The ability to understand and learn any task that a human can is what the ultimate achievement is for some in the artificial intelligence industry. It has been suggested that AGI would bring about systems with the ability to reason, plan, learn, represent knowledge, and communicate in natural language.
AGI is not a realistic goal for every expert. The release of an artificial intelligence system called Gato by DeepMind could be seen as a move towards it.
Gato is a system that can be taught to perform many different types of tasks.
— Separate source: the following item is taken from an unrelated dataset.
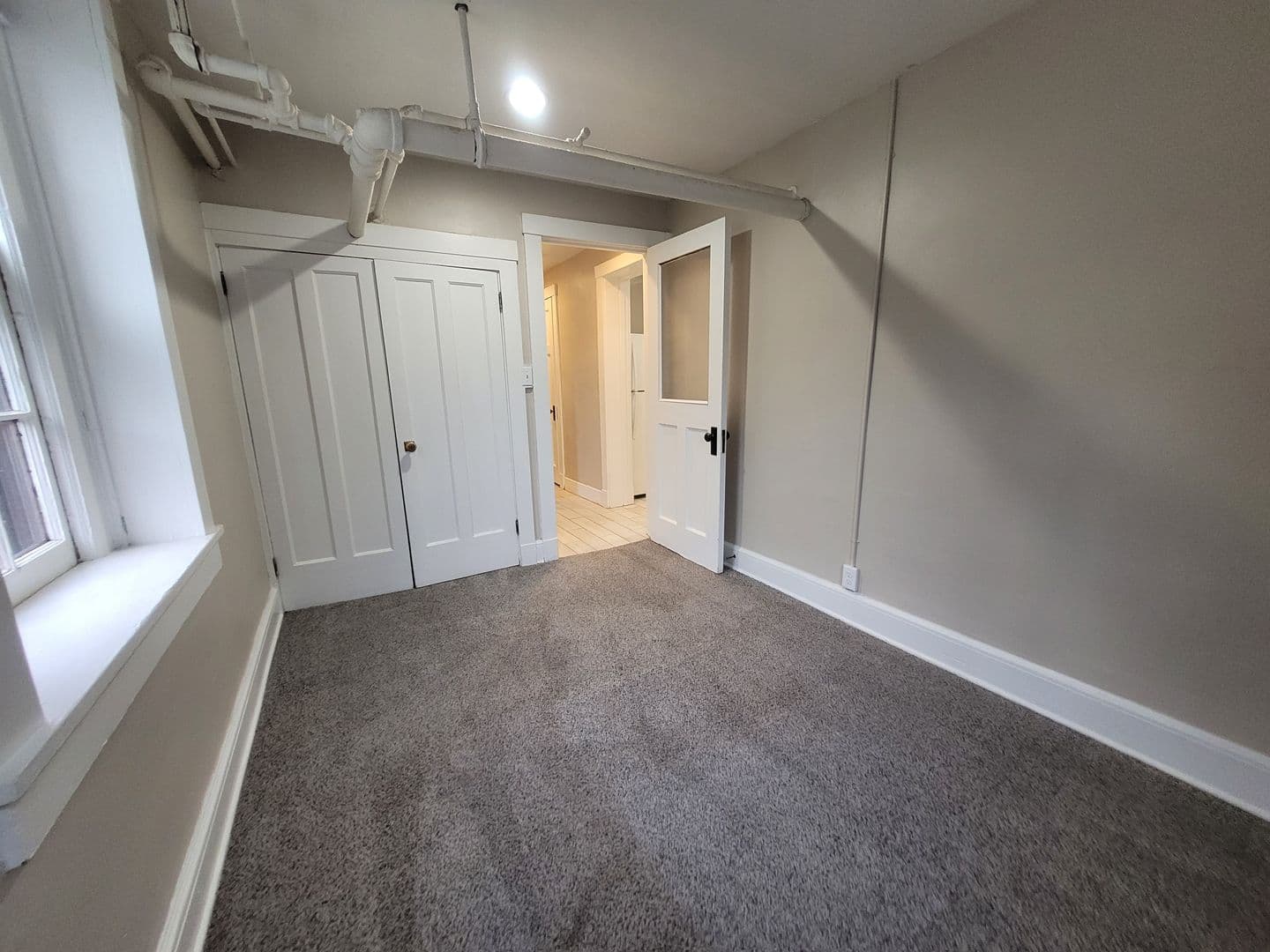 RENT SPECIAL! One bedroom apartment home in the Sherman Hills neighborhood! 18 of 27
Gato was trained by researchers at DeepMind to complete 604, which included engaging in dialogue, stacking blocks with a real robot arm, and playing Atari games.
Jack Hessel is a research scientist at the Allen Institute for Artificial Intelligence. For example, a system called MUM, which can handle text, images, and videos, was recently used by the search engine to perform tasks from finding interlingual variations in the spelling of a word to relating a search query to an image. The training method and the diversity of the tasks that are tackled could be newer.
DeepMind has a Gato architecture.
We have seen evidence that single models can handle a wide range of inputs. If I detect task A as an input, I will use subnetwork A. If training A and B leads to improvements for either or both, things are more exciting.
Gato learned by example how to ingest billions of words, images from real-world and simulation environments, button presses, and more in the form of token. Gato was able to understand the data in a way that he could, for example, tease out the mechanics of Breakout, or which combination of words in a sentence might make sense.
Gato doesn't do these tasks well. When chatting with a person, the system often responds with a superficial or incorrect reply, such as "What is the capital of France?" Gato misgenders people. The system stacks blocks using a real-world robot only 60% of the time.
Gato performs better than an expert on 450 of the 604 tasks, according to DeepMind.
Matthew Guzdial is an assistant and said that Gat is a big deal. There are benefits to the general models in terms of their performance on tasks outside of their training data, but I am more in the camp of many small models being more useful.
Gato isn't dramatically different from many of the artificial intelligence systems in production today. The Transformer has become the architecture of choice for complex reasoning tasks due to its similarities to OpenAI's GPT-3.
Gato learned a lot of tasks.
Gato is orders of magnitude smaller than GPT-3 in terms of the parameters. The skill of the system on a problem is defined by the parameters of the system learned from training data. Gato has less than 1 billion, while GPT3 has more than 170 billion.
The system could control a robot arm in real time if Gato was small. If scaled up, Gato could tackle any task, behavior, or embodiment of interest.
Gato's inability to learn continuously is one of the hurdles that would have to be overcome if this is the case. Gato's knowledge of the world is grounded in the training data, like most Transformer-based systems. Gato would respond wrong if you asked him a date-sensitive question.
The amount of information the system can remember in the context of a given task is one of the limitations of the Transformer and Gato. Even the best Transformer-based language models can't write a long essay without losing track of the plot. The forgetting happens in any task, whether writing or controlling a robot, which is why some experts have called it the "Achilles" of machine learning.
Mike Cook is a member of the Knives and Paintbrushes research collective and cautions against assuming Gato is a path to general-purpose artificial intelligence.
I think the result is open to interpretation. It sounds exciting that the artificial intelligence is able to do many different tasks that sound different, but to us it sounds like controlling a robot is different to writing text. Cook told TechCrunch that this isn't all that different from GPT-3 understanding the difference between English text and Python code. This isn't easy, but to the outside observer, it sounds like the artificial intelligence can learn another ten or fifty tasks and make a cup of tea. Current approaches to large-scale modelling allow it to learn multiple tasks at once. I think it's a nice bit of work, but it doesn't strike me as a major stepping stone on the way to anything.